Digital money transfer giant Wise is under criminal investigation by Belgian prosecutors over concerns that its accounts were used by international criminal organizations to launder proceeds of fraud, corruption, and drug trafficking, The Bureau of Investigative Journalism reported Monday.

Prosecutors in Belgium opened the investigation last year after Wise accounts appeared in hundreds of cross-border judicial requests from more than 30 countries across Europe, according to the Bureau. The transactions under scrutiny amount to half a billion euros. Authorities have identified what they describe as “indications of non-compliance with anti-money-laundering legislation” by the company.

Wise confirmed knowledge of the probe, with a spokesperson telling the Bureau that its Belgian office handles all law-enforcement requests from across the European Economic Area and that around a third of its staff is “dedicated to fighting financial crime.” The company said it was “working with the Brussels prosecutor to respond to queries about our business, as we routinely do with regulators and law-enforcement authorities.”

The investigation relates specifically to Wise’s European operations and is not directly connected to its approximately three million UK users, who are managed from London. The Financial Conduct Authority declined to comment when the Bureau asked whether it was also examining Wise or providing assistance to European investigators.

Founded in 2011, Wise has around 15 million customers globally and specializes in cheap international transfers.

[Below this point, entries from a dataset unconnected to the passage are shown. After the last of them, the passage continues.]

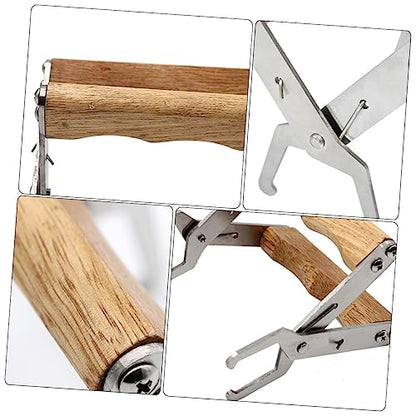 DOITOOL 1pc Spleen Lifting Clip Honeycomb Clip Beekeeping Beehive Frame Holder Bee Hive Bee Frame Lifter Clamp Beehive Frames Hive Frame Gripper Bee for Nest Bee Tool Wooden Silver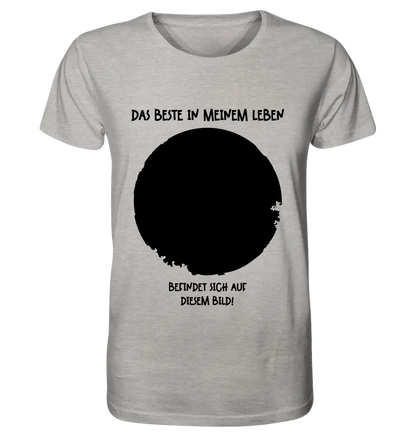 Dein Bild in Kreisform + Text • Unisex Premium T-Shirt XS-5XL aus Bio-Baumwolle für Damen & Herren • Exklusivdesign • personalisiert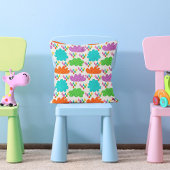 Coussin Colorful Clouds and Raindrops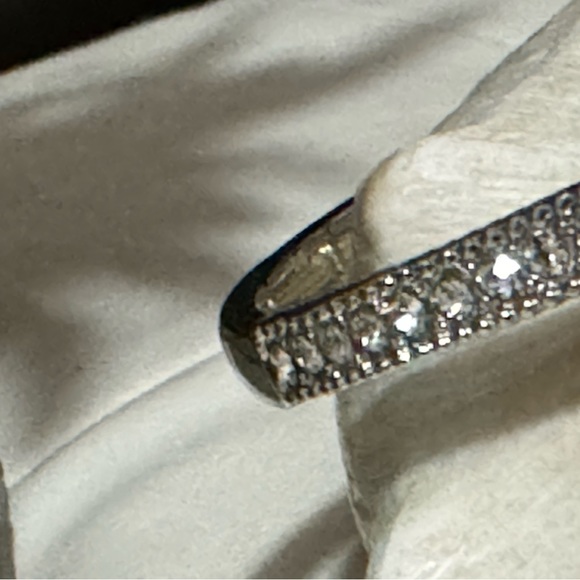 Crystal Encrusted Bangle-Silver Toned - Picture 4 of 15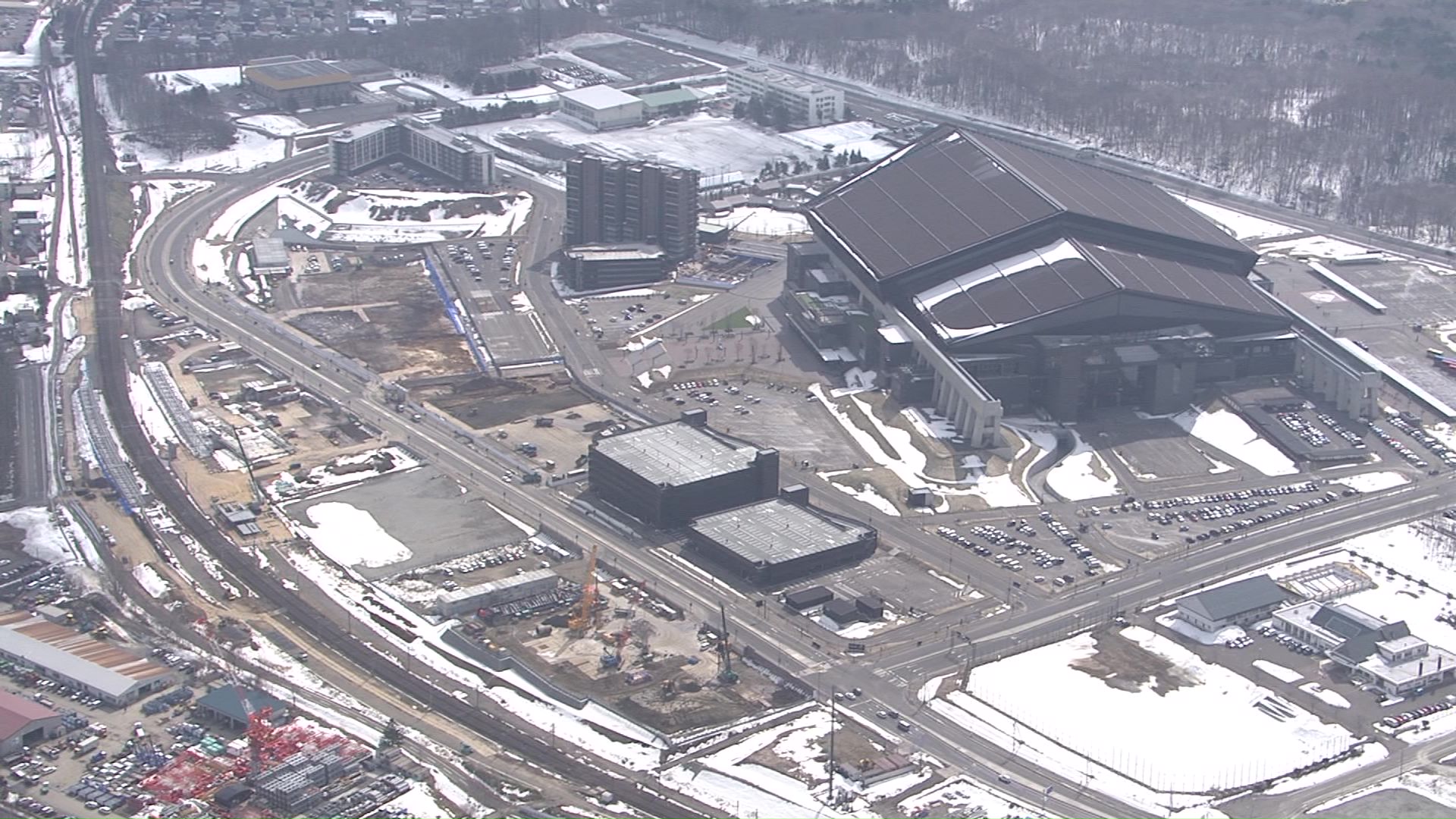 タワーマンションの建設が進む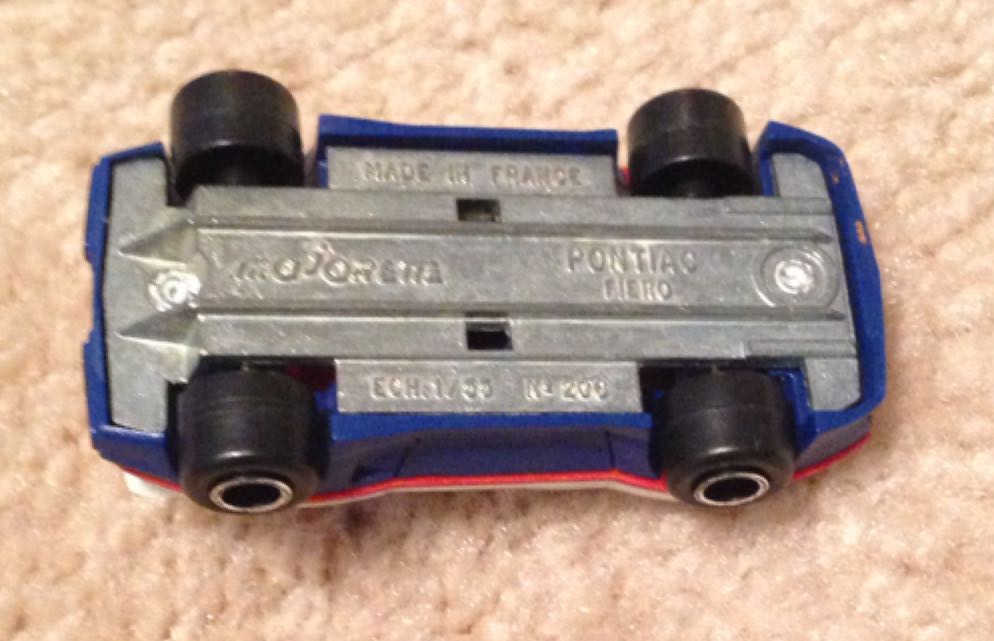 Pontiac Fiero  toy car collectible - Main Image 2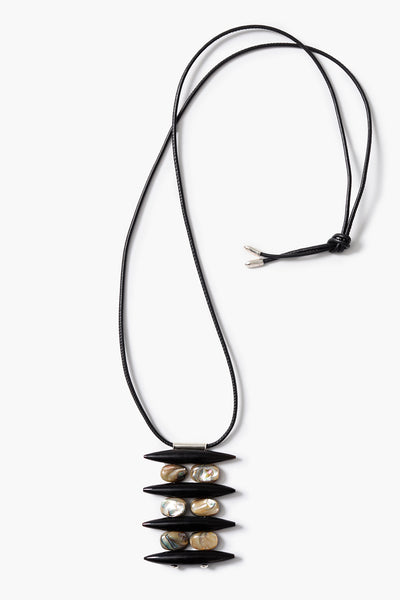 Dais Cord Necklace Abalone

It moved its primary listing from London to the Nasdaq Stock Exchange last month and remains headquartered in London, with a market value of approximately £10 billion. The Brussels public prosecutor’s office separately told the Financial Times that its probe was at an advanced stage and nearly complete.

The investigation is not the first time Wise’s AML controls have attracted regulatory attention. In 2024, the FT reported that the National Bank of Belgium found the company lacked proof of address for hundreds of thousands of customers and forced it into a formal remediation plan. In 2025, Wise’s U.S. subsidiary was fined $4.2 million for violations of the Bank Secrecy Act and AML laws.